TASK DATA:
——

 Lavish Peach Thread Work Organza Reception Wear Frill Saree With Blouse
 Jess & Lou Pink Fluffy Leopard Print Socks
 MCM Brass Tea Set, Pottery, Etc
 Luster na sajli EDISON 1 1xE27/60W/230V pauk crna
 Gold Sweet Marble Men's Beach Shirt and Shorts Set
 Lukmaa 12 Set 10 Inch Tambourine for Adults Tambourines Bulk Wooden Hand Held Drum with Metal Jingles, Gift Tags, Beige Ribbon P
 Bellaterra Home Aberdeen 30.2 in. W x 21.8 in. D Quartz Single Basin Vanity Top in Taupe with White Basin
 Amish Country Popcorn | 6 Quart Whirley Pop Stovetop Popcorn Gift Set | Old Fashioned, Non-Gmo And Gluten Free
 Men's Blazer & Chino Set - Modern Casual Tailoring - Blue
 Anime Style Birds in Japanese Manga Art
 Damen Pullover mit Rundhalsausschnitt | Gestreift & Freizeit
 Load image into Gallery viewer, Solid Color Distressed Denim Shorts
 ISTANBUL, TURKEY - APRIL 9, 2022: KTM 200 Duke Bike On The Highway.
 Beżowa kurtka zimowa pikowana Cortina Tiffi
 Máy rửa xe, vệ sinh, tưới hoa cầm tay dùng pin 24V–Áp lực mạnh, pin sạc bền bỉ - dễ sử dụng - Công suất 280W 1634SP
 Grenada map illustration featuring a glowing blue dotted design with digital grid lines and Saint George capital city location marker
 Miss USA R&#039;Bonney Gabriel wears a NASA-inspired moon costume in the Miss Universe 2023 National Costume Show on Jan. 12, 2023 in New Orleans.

——

WHAT YOU NEED TO DO: The entries above should be repeated exactly, every one of them.

TASK OUTPUT:
 Lavish Peach Thread Work Organza Reception Wear Frill Saree With Blouse
 Jess & Lou Pink Fluffy Leopard Print Socks
 MCM Brass Tea Set, Pottery, Etc
 Luster na sajli EDISON 1 1xE27/60W/230V pauk crna
 Gold Sweet Marble Men's Beach Shirt and Shorts Set
 Lukmaa 12 Set 10 Inch Tambourine for Adults Tambourines Bulk Wooden Hand Held Drum with Metal Jingles, Gift Tags, Beige Ribbon P
 Bellaterra Home Aberdeen 30.2 in. W x 21.8 in. D Quartz Single Basin Vanity Top in Taupe with White Basin
 Amish Country Popcorn | 6 Quart Whirley Pop Stovetop Popcorn Gift Set | Old Fashioned, Non-Gmo And Gluten Free
 Men's Blazer & Chino Set - Modern Casual Tailoring - Blue
 Anime Style Birds in Japanese Manga Art
 Damen Pullover mit Rundhalsausschnitt | Gestreift & Freizeit
 Load image into Gallery viewer, Solid Color Distressed Denim Shorts
 ISTANBUL, TURKEY - APRIL 9, 2022: KTM 200 Duke Bike On The Highway.
 Beżowa kurtka zimowa pikowana Cortina Tiffi
 Máy rửa xe, vệ sinh, tưới hoa cầm tay dùng pin 24V–Áp lực mạnh, pin sạc bền bỉ - dễ sử dụng - Công suất 280W 1634SP
 Grenada map illustration featuring a glowing blue dotted design with digital grid lines and Saint George capital city location marker
 Miss USA R&#039;Bonney Gabriel wears a NASA-inspired moon costume in the Miss Universe 2023 National Costume Show on Jan. 12, 2023 in New Orleans.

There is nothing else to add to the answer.